What's more, any material does indeed have a breakdown voltage. If you kept increasing voltage, eventually the voltage would pass through the insulator anyway. This is why insulation is tested with a megaohmmeter, which measures resistance against hundreds or thousands of volts of test voltage, which it generates for the test.
Here, people often complain that their appliance trips a ground fault detector, yet they measure infinite resistance between hot/neutral and the machine's ground. They are using a common multimeter, which has a test voltage of a couple of volts. Insulation won't break down at those low voltages, hence the megaohmmeter.
Look closely at high voltage lines: their insulation is a series of ceramic "bells". The bell shape is to give the longest possible pathway via both the insulation surface and the air. By stacking bells, they increase the insulation further.
In that video they test a 1kV rated screwdriver to destruction. It takes a surprisingly high voltage - 100kV - to get a breakdown in the insulation.
But the reason that they're rated to 1kV is that 1kV is the difference between low voltage and high voltage in many jurisdictions. With high voltage, the requirements change drastically. For instance, with low voltage, it only has to be secured against re-connection. With high voltage, it has to be grounded as well. On high voltage one person shall monitor the safety of the system, and not participate in the work.
There's quite a lot of regulations like that, which effectively makes it pretty uninteresting to have hand tools approved for more than 1kV. You don't work in the same ways, it's usually not the same people doing the work, and you need different methods due to different risks. For instance low voltage (<1kV) is only dangerous if you touch a conductor (or are exposed to an arc), whilst high voltage (>1kV) can jump airgaps.

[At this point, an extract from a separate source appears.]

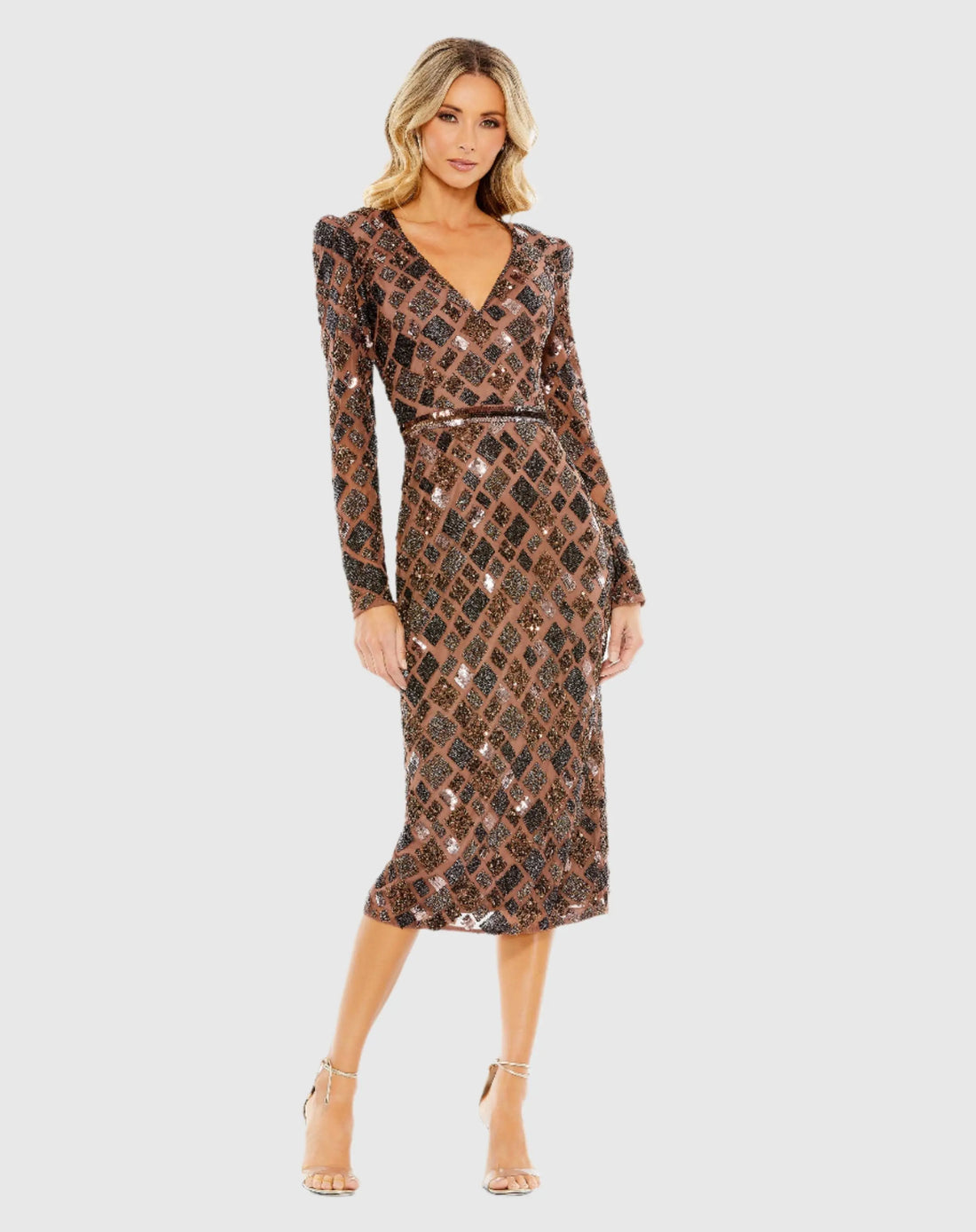 chocolate brown sheath dress Cowl Square Neck Detail Maxi Dress In Chocolate Brown | EGO US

(Those are examples from Norwegian regulation; Europe mostly has variations of it. No idea about USA tho)
At 1000V and above, the "creapage" distance required to prevent tracking across the surface likely exceeds the thickness of the plastic handle.
There is no such thing as a pure insulator; EVERYTHING is a conductor, some things are just better than others depending on the voltage. Such is the fallacy of people thinking they are protected from lightning because they are wearing rubber shoes, or driving in a car with rubber tires. The lightning ALREADY passed through the dielectric strength of a mile of air, 1/2" of rubber is not even significant at that point.